Her Boyfriend Was Somewhere Else
She was tall, had long black hair, and her boyfriend was at the base. Those were the essential facts, processed in about four seconds at a farm party on the edge of my hometown, where the wind smelled like cheap lager and the far corners smelled like vomit and someone had a portable speaker going. His name was Ferdinand. Ferdi. Three years together, somewhere with the military, not here. His loss.
My conscience—which arrived factory-calibrated too small—switched off entirely around the time we slipped away from our drunk, shouting friends at three in the morning. We ended up at her older sister’s apartment (the sister had some kind of intellectual disability, which made the whole situation feel exactly as complicated as it was), and in the moonlight coming through the window we swore each other eternal love in that slurring, half-laughing way that feels completely real at 3 a.m. and slightly absurd by noon.
The phone was going off before I’d had coffee. You stole Ferdi’s girlfriend? Man…
A few called me a hero. A few called me an asshole. Her best friend sent Good luck!
—and based on what followed, she wasn’t talking about the relationship.

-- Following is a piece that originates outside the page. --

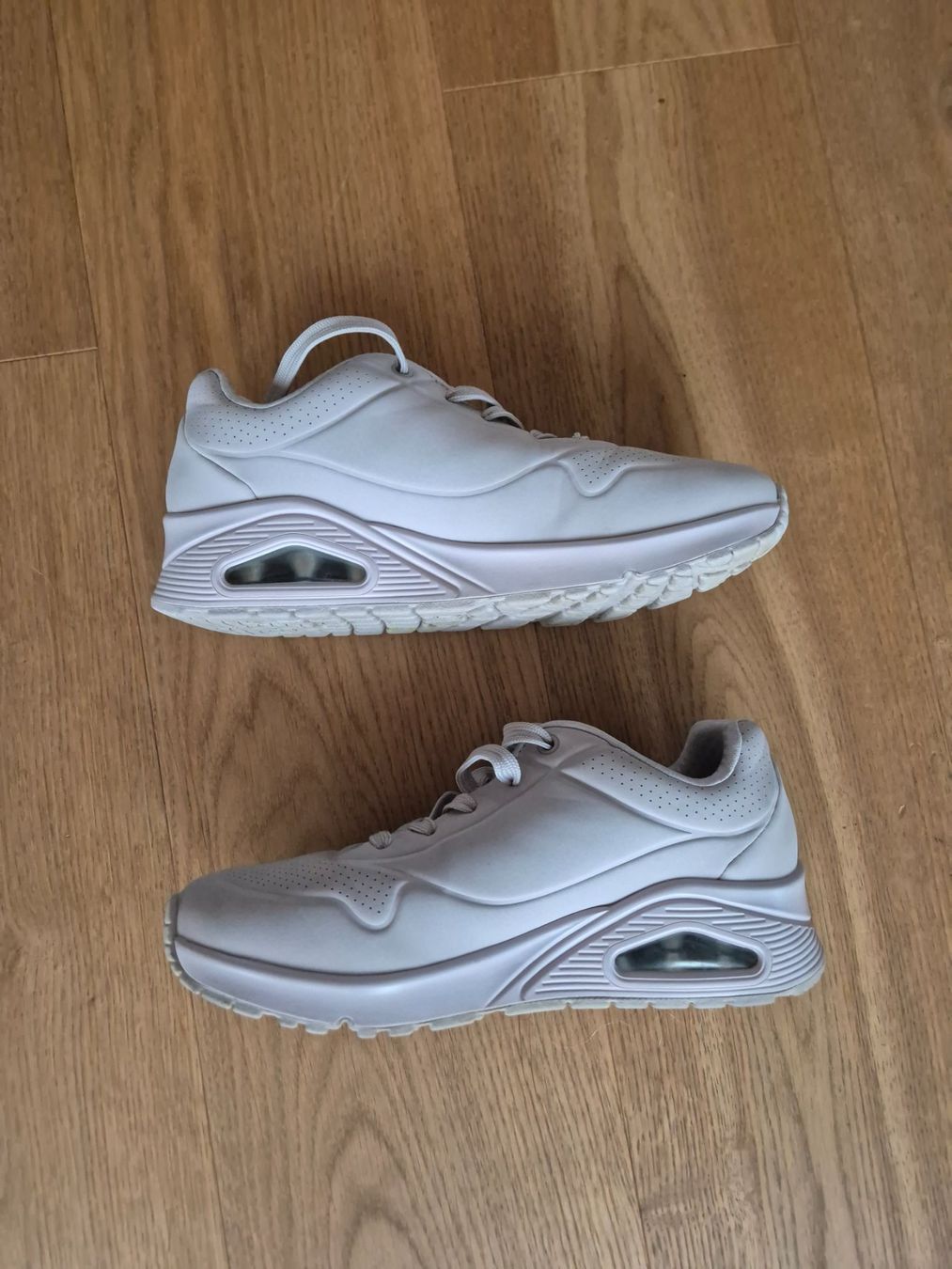 Skechers Chaussures femmes: Sketchers Sneaker Gr. 38 – D'occasion à Windisch par Jewi1 1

Ferdi, as it turned out, was not the kind of man who processes emotions through journaling. He was the kind of man for whom concrete walls are a mild inconvenience. I’ll spare the full retelling of running to a bus stop in nothing but boxers, or begging some unhinged flower vendor for a euro thirty, because the slapstick deserves less airtime than the emotional theater that followed: Ferdi calling Katha in tears, stammering about marriage and children and eternal devotion, apparently teetering on the edge of something dramatic. She laughed and hung up. Then she sent me nude photos with her favorite teddy bear. So it goes.
The relationship lasted four weeks.
Which brings me to the question I’ve been half-circling ever since, though I don’t lose sleep over it—I traded my conscience for whatever this journal is, and I’m going to hell regardless. How bad is it, really, to move on someone who’s already taken? If she was clearly miserable in what she had? If you want her more than he ever could? Or if you’re just devastatingly horny and the geometry is too convenient to ignore?

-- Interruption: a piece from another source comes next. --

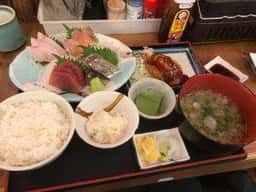 磯丸水産 大宮すずらん通り店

The counterargument, I know, is patience. Let the relationship collapse under its own weight, which it almost always will. Be the shoulder. Be nearby. Be available. The moral high ground and eventually the same outcome. But there’s an argument—a morally bankrupt one, sure, but still an argument—that accelerating an already-doomed situation is efficiency, not cruelty. I have never been good at waiting.
I saw Katha twice after that. The first time, she told me about a spontaneous anal sex party in her boss’s Jeep, which he’d organized with his girlfriend. Context, not judgment. The second time, she climbed up on a table in a bar and announced that she and Ferdi were getting married the following spring in a little chapel in the woods.
I was genuinely happy for them. Both of them. I mean that.